Each Kannapedia report includes several files that are available for download that represent the results of the sequencing that was performed on the sample to generate the report.
- Variant Call Format (VCF) files are an industry standard file format representing genetic differences between your sample and the Jamaican Lion Mother reference genome sequence NGS reads are aligned to. VCF files contains a header with all the metadata related to the strain, then a list of variant calls and the locations they fall in the genome. VCF files are compressed and are not designed to be human readable, but when uncompressed they are presented in plain text and can be viewed. However, they are best manipulated with command line utilities such as tabix and bcftools. Along with the variant calls and locations in the genome there is lots of additional information such as the sequencing depth of each variant. The sequencing depth indicates how many times a particular variant is observed in the data; variants called by multiple high quality NGS reads aligned to a reference genome are more likely to be real variants.
- FASTQ files are the raw data reads from the sequencing run. These reads are aligned and compared to the Jamaican Lion reference genome.
- BAM files contain the mapped positions of the sequencing reads to the Jamaican Lion Mother reference.
This plot shows the heterozygosity distribution for all samples in Kannapedia, and the line shows where the current sample falls on this distribution. Breeders can use this heterozygosity information as a proxy for assessing seed line stability; a more stable seed line will have a lower heterozygosity percentage and will fall to the left of this distribution curve.
Bt/Bd Allele Coverage (StrainSEEK® or WGS)
The next section of the Kannapedia report has next-generation sequencing coverage over key cannabinoid genes. The patterns of deletions in these genes indicate the plant type. Note: Inactive CBD synthase is in close proximity to the Active THC synthase. Because of its proximity, we track it to give a sense of the size of the deletion.
- In Type I plants, the Active CBD synthase gene is deleted. And there's no next-generation sequencing coverage over the region.
- In Type II plants, Active CBD synthase and Active THC synthase are both intact.
- In Type III plants, Active CBD synthase has coverage over the region showing that the gene is intact. But Active THC synthesis has no coverage over the region, suggesting that it's deleted.
- In Type IV plants there is neither coverage over Active CBD synthase or Active THC synthase.
The report also shows coverage over the Cannabichromene synthase gene. One interesting feature of Cannabichromene synthase is that it may be responsible for synthesizing THC in cases where the THC synthase gene is deleted.
Cannabinoid Synthase Coverage (CannSNP90)
CannSNP90-derived Kannapedia reports present cannabinoid synthase gene coverage in a different way. A Log-R Ratio for all variants in a particular genomic region in the test sample is calculated and compared to an average Log-R Ratio of samples with known deletions in this region as well as samples with known intact genes. A correlation score is calculated between the test sample and the population of samples with a known deletion. Low correlation indicates the gene is intact and high correlation suggests the gene is deleted. The plot on the left shows a sample likely to have THCAS intact and the plot on the right shows a sample likely to have CBDAS deleted.

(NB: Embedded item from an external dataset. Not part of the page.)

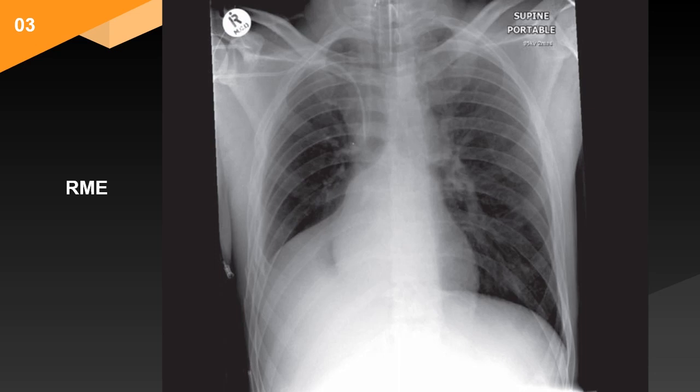There is volume loss in the right hemothorax with a minor mediastinal shift to the right. The right heart border remains visible, but the right hemidiaphragm is obscured by a uniform soft tissue opacity with a linear superior boundary. A very dense triangular opacity is projected over the right side of the mediastinum in the region of the right lower lobe bronchus. The right lower lobe pulmonary artery is not clearly visualized. The remainder of the right lung and the whole of the left lung are clear, but there are several right-sided rib fractures laterally.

Nearest Genetic Relatives Dot Plot
This dot plot which shows the 20 cultivars in our database that are the closest genetics relatives to the submitted strain.

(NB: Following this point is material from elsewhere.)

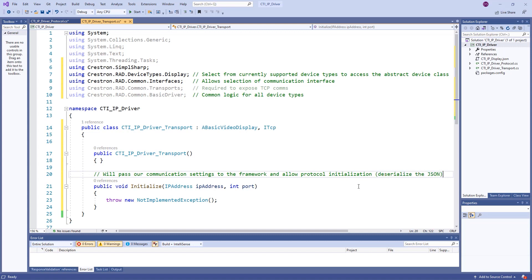Finally, our transport initializer will allow us to pass our communication settings to the underlying framework and initialize the protocol for our device. In our next video, we will complete the initialization phase for our driver. Thank you.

Most Genetically Distant Strain Dot Plot
This dot plot which shows the 20 cultivars in our database that are most distant to the test sample.
The closest and most distant samples can be useful information for breeders who are interested in creating new cultivars. It can also be helpful for potentially identifying if lines are clonal or not. Breeding with genetically distant cultivars will produce diverse phenotypes which will likely have high heterozygosity or hybrid vigor.